Une forte réplique du séisme du 26 décembre à l'origine des tsunamis a été ressentie hier dans la région, sans toutefois faire de blessés. Le département d'État a estimé hier que la coordination de l'aide internationale pour les pays d'Asie frappés par les raz-de-marée allait «probablement» revenir à terme à l'ONU.
Pas une rivale de l'ONU
Le ministère américain des Affaires étrangères a également laissé entendre que le groupe de pays -- comprenant les États-Unis, le Japon, l'Australie et l'Inde -- destiné à coordonner l'aide après la catastrophe n'avait pas pour objectif de devenir une structure durable, rivale des Nations unies.

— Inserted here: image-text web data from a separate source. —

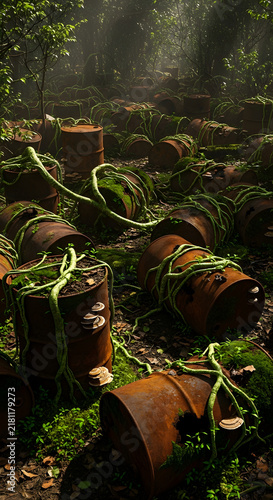 Rusty industrial barrels lie abandoned and overgrown in a lush, green forest, a stark testament to environmental neglect and nature's enduring power to reclaim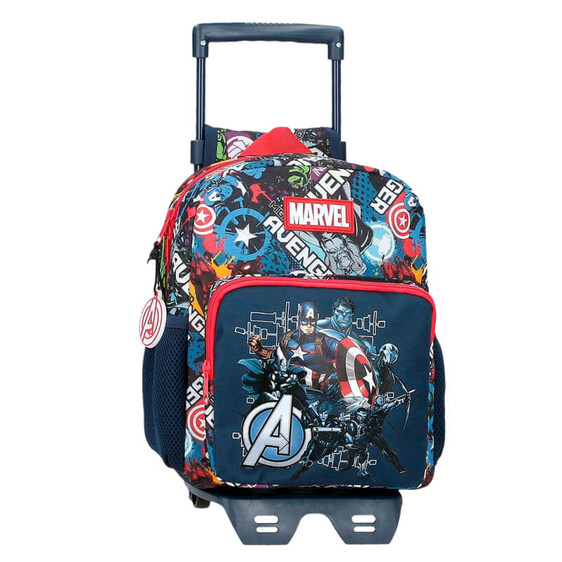 Mochila Pré-Escolar Adap. 28cm c/ Carro AVENGERS Legendary Azul Escuro | Ref. 186.29922T1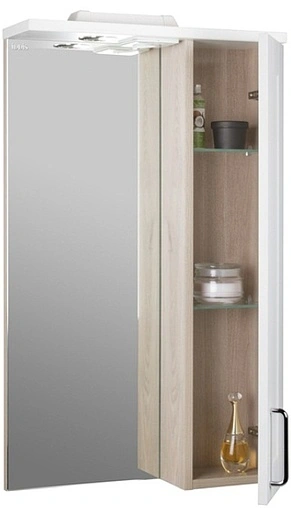 Шкаф-зеркало IDDIS Sena 50 R белый/дерево SEN5000i99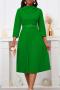 casual plus size slight stretch 3 colors crew neck with belt midi dress_Red_Yellow_Green
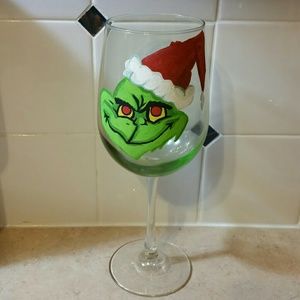 Grinch wine glass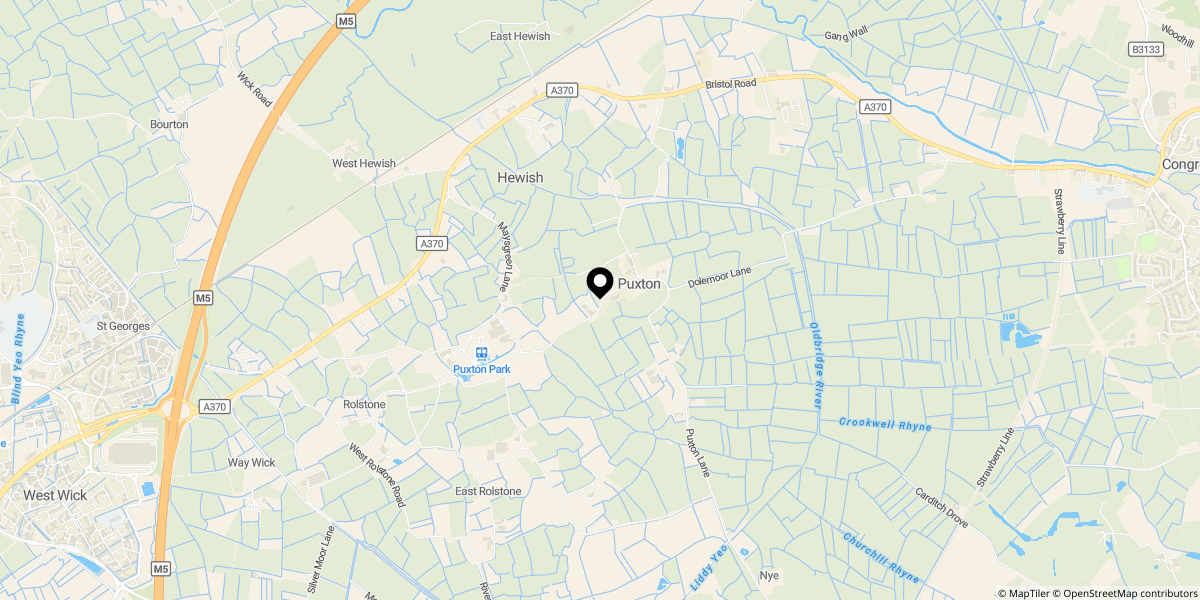 Approximate location of Puxton Road, Weston-super-Mare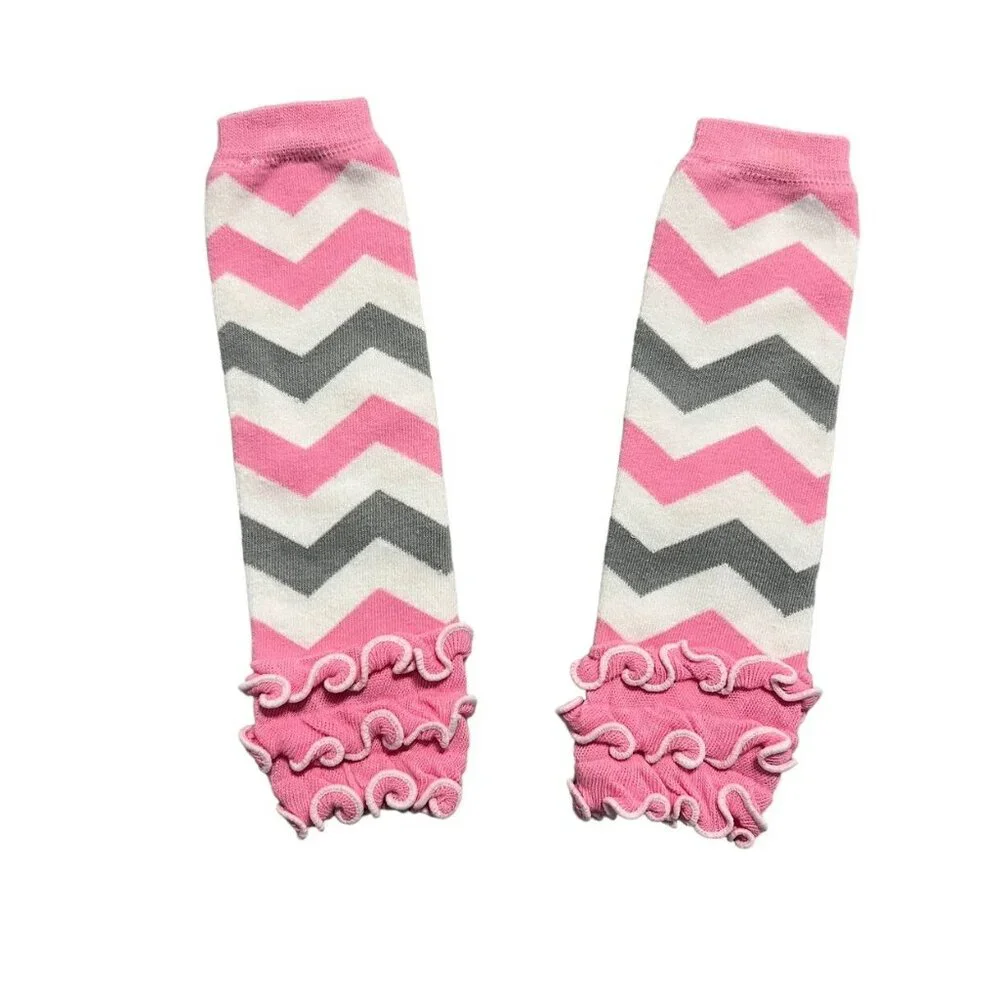 Pink & Grey Chevron One-Size Baby Leg Warmers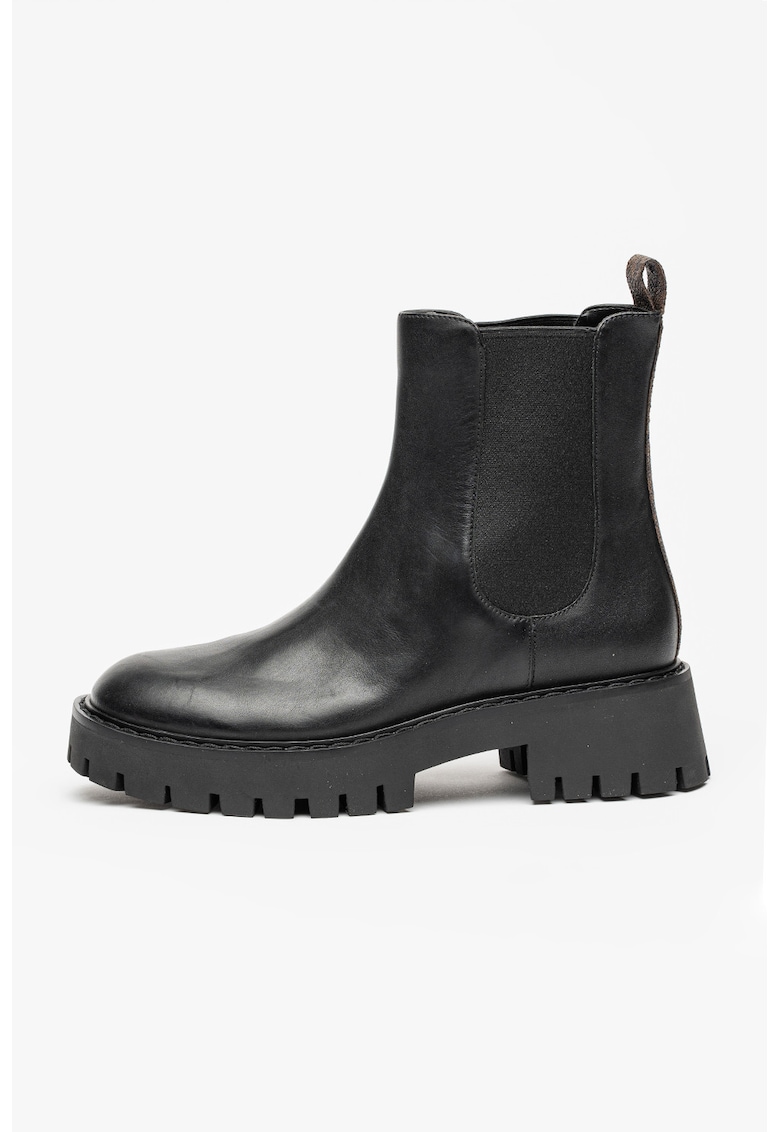 Ghete Chelsea din piele - Maro inchis/Negru
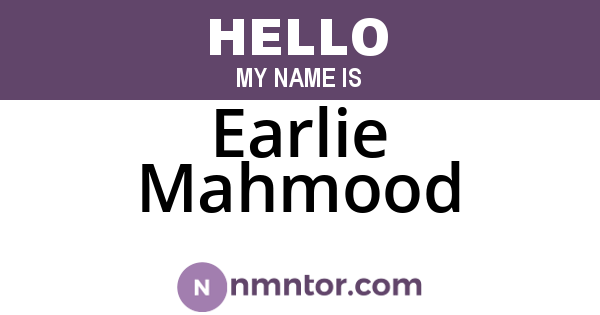Earlie Mahmood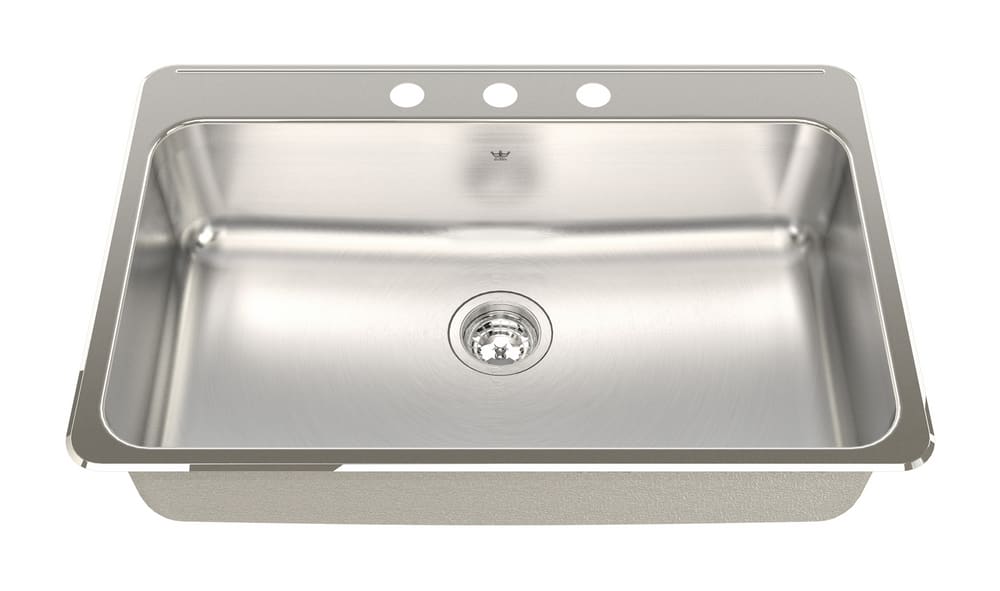 Kindred Steel Queen Top Mount Stainless Steel Single Bowl Kitchen Sink   Kindred Single Bowl Ledgeback 20 Gauge 3 Faucet Holes 547870f7 192e 4e6a Bc09 1a33b65c12d1 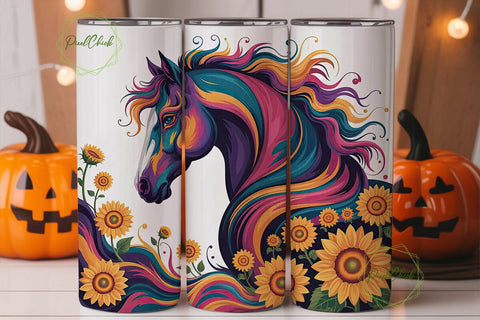 Abstract Horse Sunflower 20oz Tumbler Sublimation PixelChick 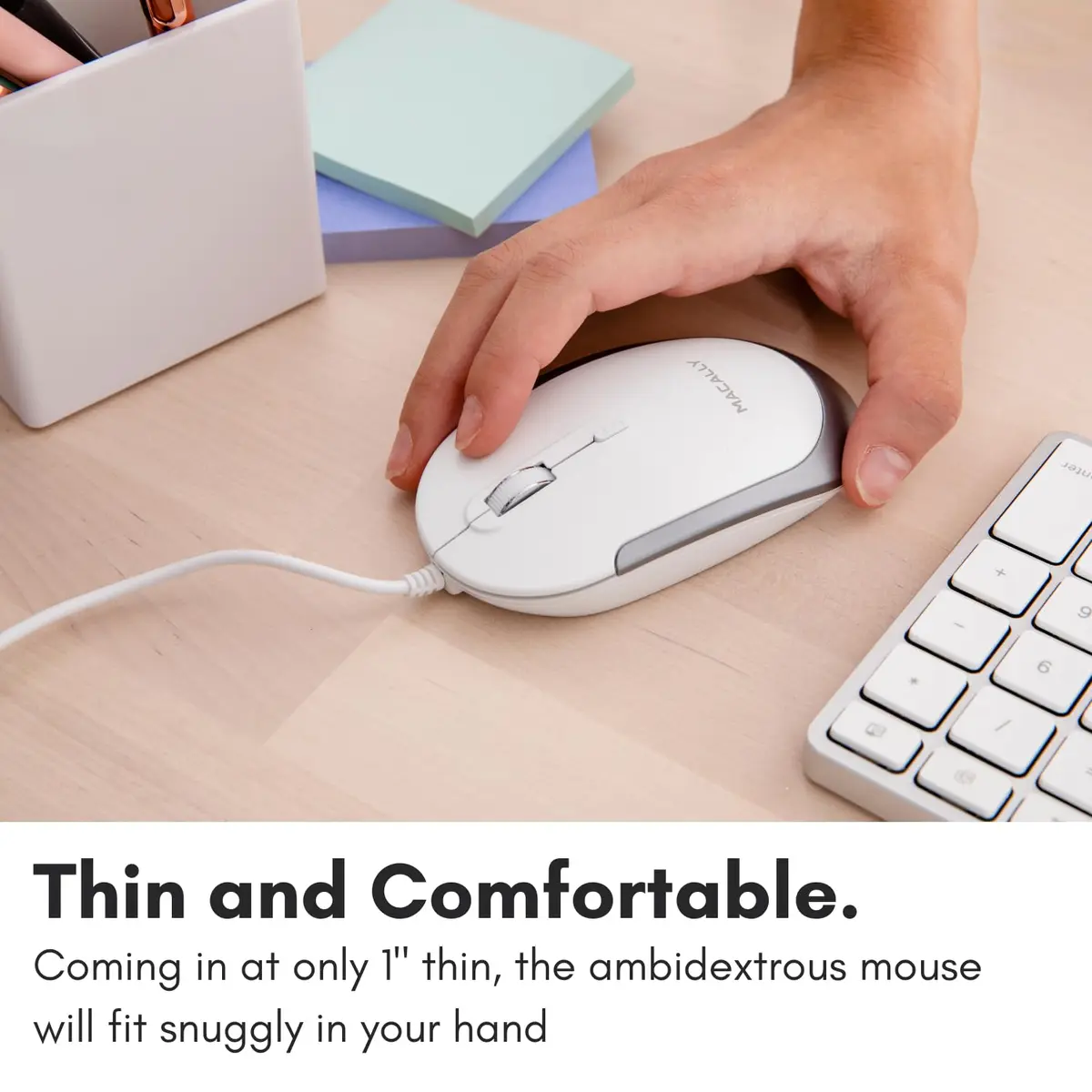 Macally Wired USB C Mouse for Mac & Windows - 3 Button & Scroll Wheel | Ambidextrous Design, DPI Switch 800/1200/1600/2400 - view 3
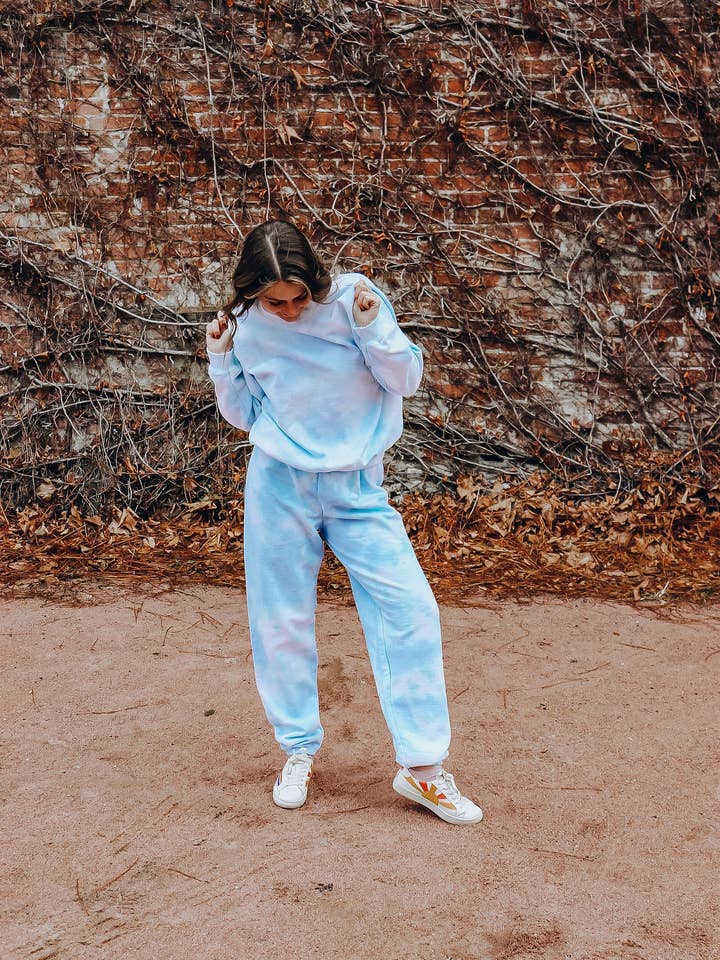 Blue Tie-Dye Crewneck Sweatshirt | Sweatshirt Sweatpants for wholesale by Eighteen61Designs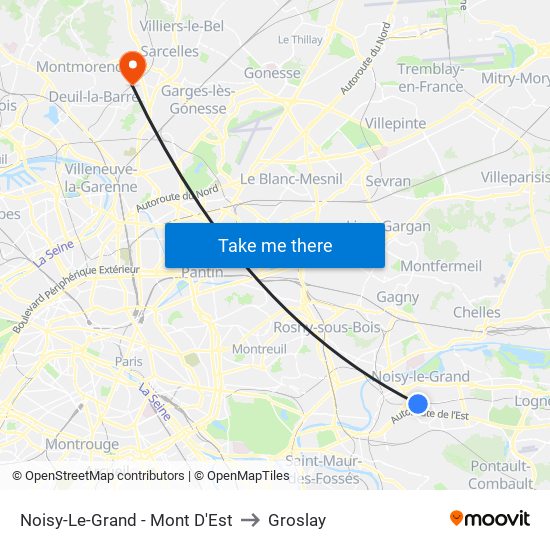 Noisy-Le-Grand - Mont D'Est to Groslay map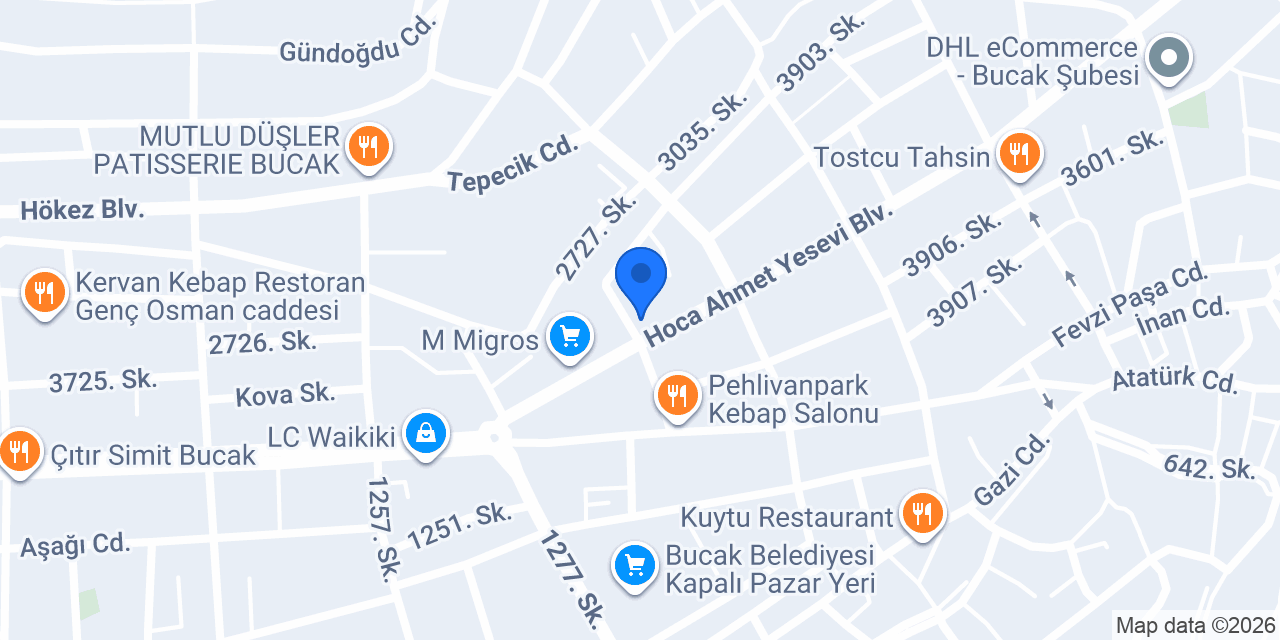 BUCAKSRC & Psikoteknik Değerlendirme Merkezi konumu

L'annonce de la création de ce groupe le 29 décembre dernier par le président George W. Bush a soulevé des interrogations sur une possible volonté des États-Unis de court-circuiter l'ONU et de chercher à s'imposer en tant que principal coordinateur de l'aide mondiale.
Au moins 25 pays ou organisations internationales ont répondu à l'invitation lancée dans l'urgence par le président indonésien, Susilo Bambang Yudhoyono.